Brief — Copy every record verbatim but exclude the pictures.

*** Opening of Dataset records ***

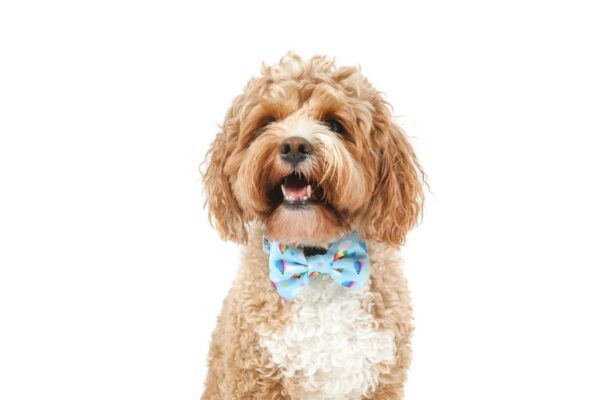 Big & Little Dogs 'Up, Up and Away' hot air balloon print Dog Collar and Detachable Bow Tie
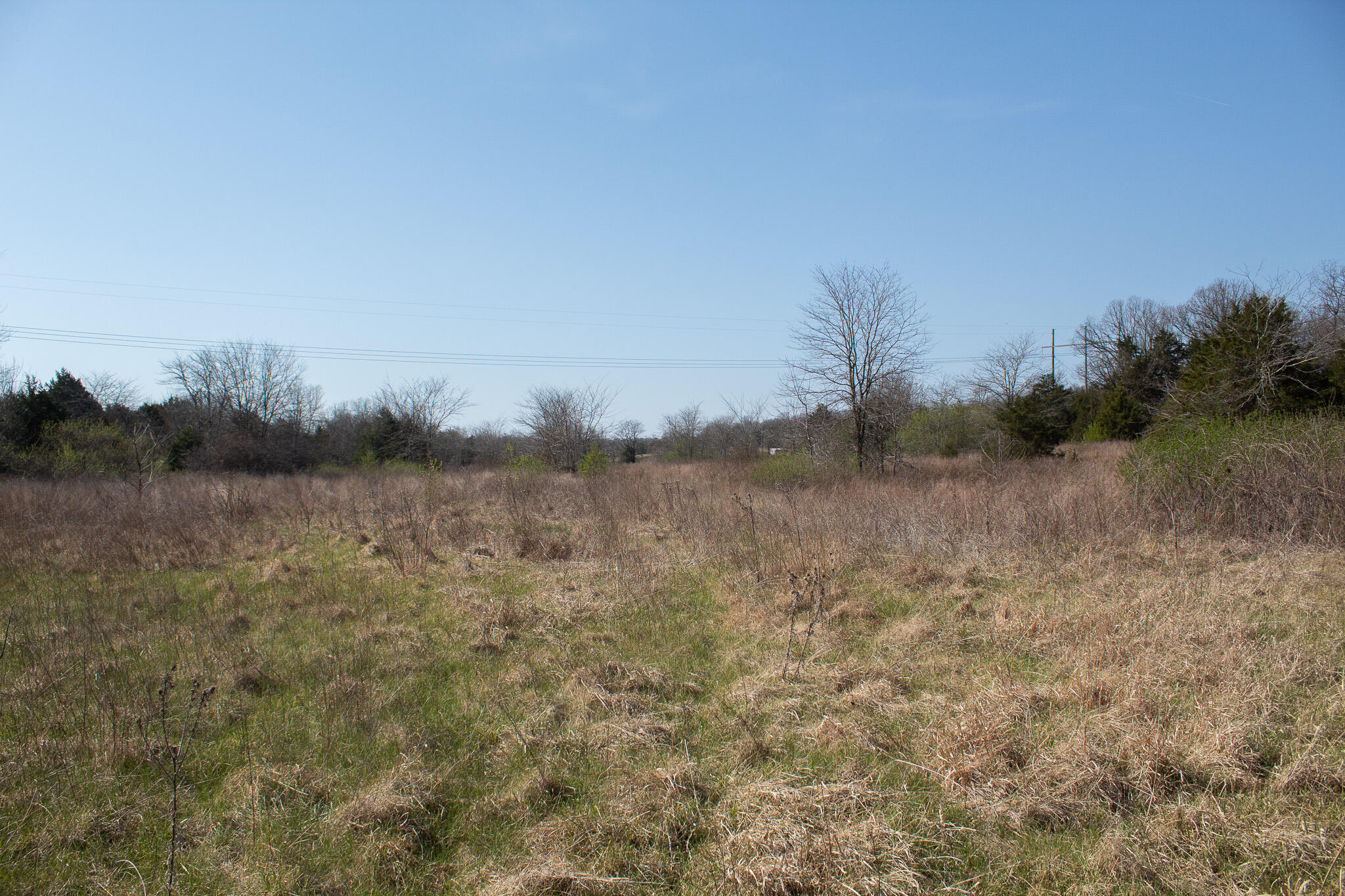 Photo 48 - Land for sale – 000  Sapphire Drive  Richland, MO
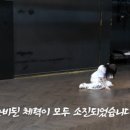 따란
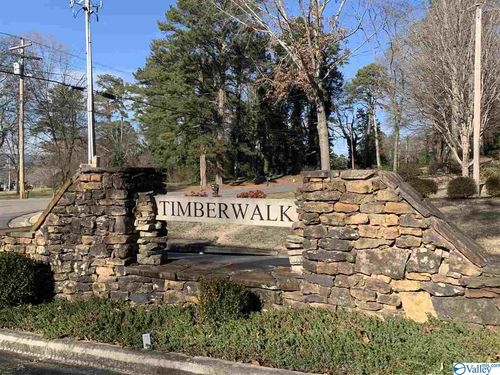 41 Amber Ln, Guntersville, AL, 35976 | Card Image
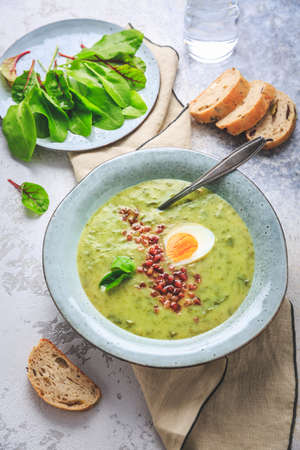 Creamy sorrel soup with egg and bacon bits with breadの写真素材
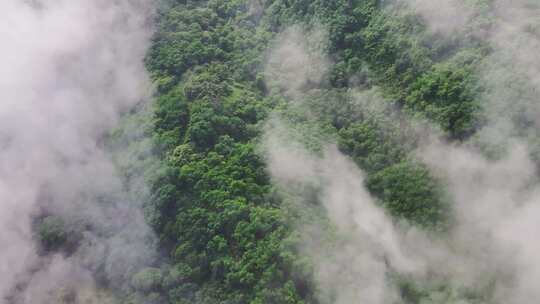 俯拍森林 森林云雾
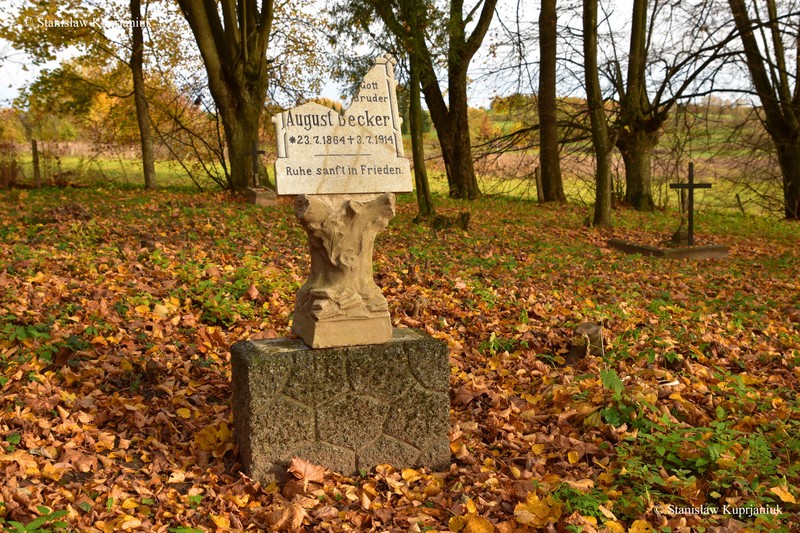 Historii cmentarza ewangelickiego w Lesiskach ciąg dalszy zdjęcie nr 215013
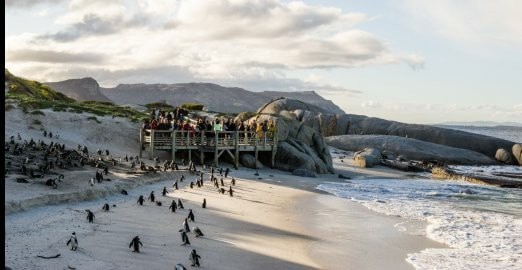 Pinguins-africanos foram encontrados mortos após sofrerem picadas de abelhas na Cidade do Cabo  (Foto: Reprodução/Facebook/SANParks - Table Mountain National Park)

*** Close of Dataset records ***

Answer for the task —
 Big & Little Dogs 'Up, Up and Away' hot air balloon print Dog Collar and Detachable Bow Tie
 Photo 48 - Land for sale – 000  Sapphire Drive  Richland, MO
 따란
 41 Amber Ln, Guntersville, AL, 35976 | Card Image
 Creamy sorrel soup with egg and bacon bits with breadの写真素材
 俯拍森林 森林云雾
 Historii cmentarza ewangelickiego w Lesiskach ciąg dalszy zdjęcie nr 215013
 Pinguins-africanos foram encontrados mortos após sofrerem picadas de abelhas na Cidade do Cabo  (Foto: Reprodução/Facebook/SANParks - Table Mountain National Park)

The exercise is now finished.